Falar da mãe é tocar alguma coisa ardentemente intransmissível, mas que permite aceder a um património que todos podemos reconhecer nosso. Abeirar-se da mãe é referir-se à arqueologia do ser, ao que tem de inexplicável a matéria viva, ao seu segredo ramificado e ao esplendor que se torna provisão. É refletir por dentro como essas flores femininas são grandes barcos em espiral que congeminam a viagem, se tornam para nós componentes do universo, coletes de salvação de espaço a espaço, áureos e frágeis vocábulos de uma língua que não se assujeita à impostura. A maestria de Lídia Jorge traça círculos visíveis inesquecíveis, mostra os momentos magnéticos que nos costuram, narra na primeira pessoa a mãe que lateja, revela sem censuras como uma mãe dói e como essa dor constitui um dos elogios mais poderosos à vida. Apresenta em simetria no romance duas mães, a sua e Lilimunde, a jovem emigrante brasileira, que encostadas à parede pelo abandono dos outros, decidem, no entanto, levar a gravidez por diante. “Não quero misturar o nome da minha filha com o pesadelo da noite, quero que ela fique associada às coisas belas da vida.” E, assim, escolhem seguir em frente.
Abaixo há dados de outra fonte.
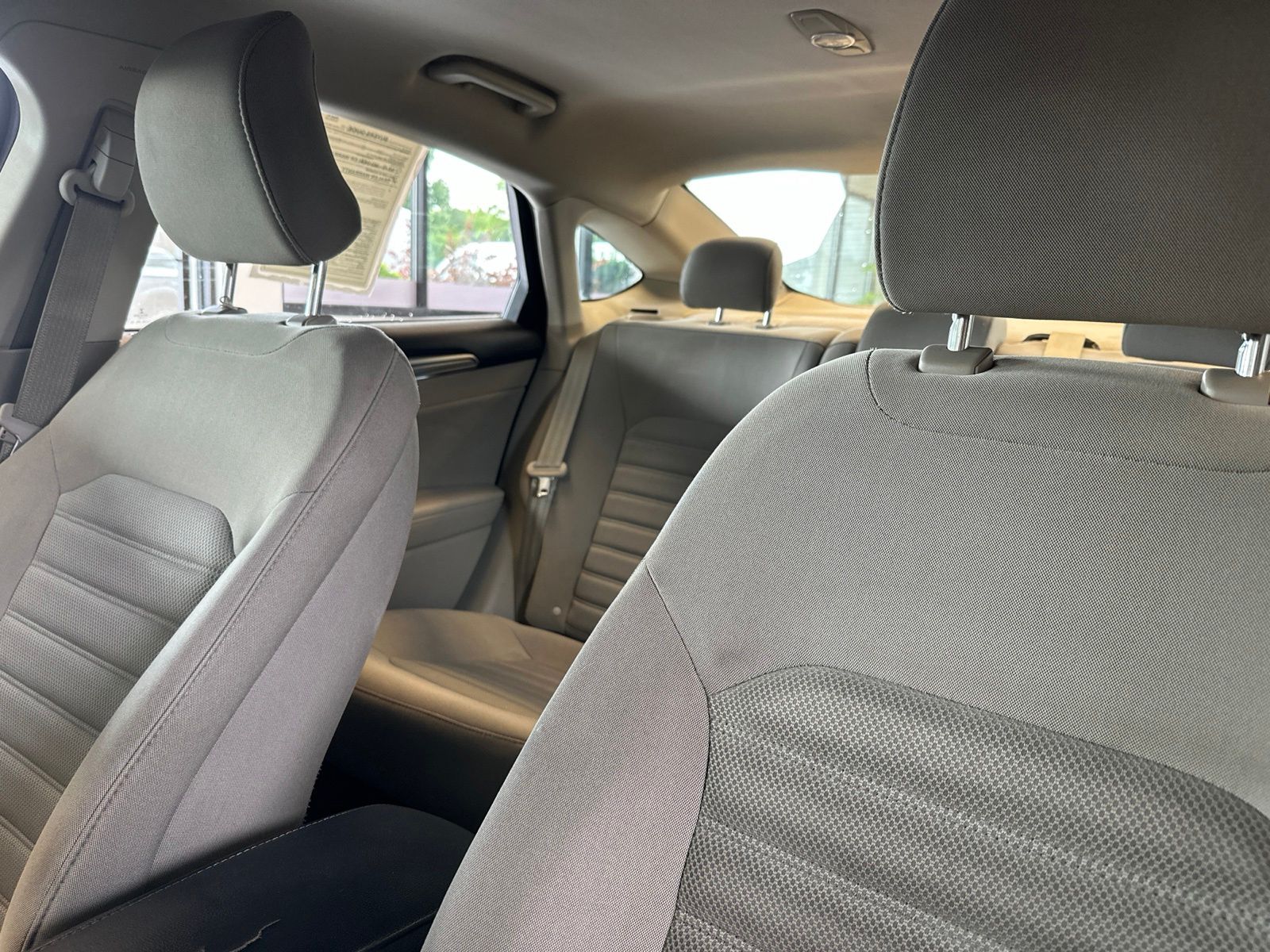 Certified Used 2017 Ingot Silver Ford SE image 8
Se há tema removido ou destratado pela história do pensamento ocidental é o da misericórdia, praticamente esquecido no léxico filosófico ou emergindo nele de forma lateral
Que o romance de Lídia Jorge se chame “Misericórdia” e que esta categoria ética seja afinal a protagonista da narração deriva desse dom primordial, dessa dádiva inalcançável nua que uma mãe oferece ao filho. A misericórdia significa ter no lugar coração um coração e, nesse sentido, todas as mães são o ícone da mater misericordiae. Mas Lídia Jorge observa com sagacidade e deixa o aviso: “Misterioso é o sentimento da misericórdia, não tem hora marcada para entrar ou sair do ser humano.”
Dedicar um romance à misericórdia é, para quem quiser ver, um ato de coragem civil. A misericórdia tanto está presente como ausente da vida. Na verdade, se há tema removido ou destratado pela história do pensamento ocidental é o da misericórdia, praticamente esquecido no léxico filosófico ou emergindo nele de forma lateral. Não há propriamente nas nossas sociedades uma educação em vista da misericórdia, nem esta alcançou a força necessária para emergir como paradigma de construção social, como fator político efetivamente decisivo, como consensual prática e hermenêutica do humano. Corremos o risco de nos tornarmos, sempre em grau mais avassalador, analfabetos em relação à misericórdia. Ora, é contra esse analfabetismo que este importante livro se levanta.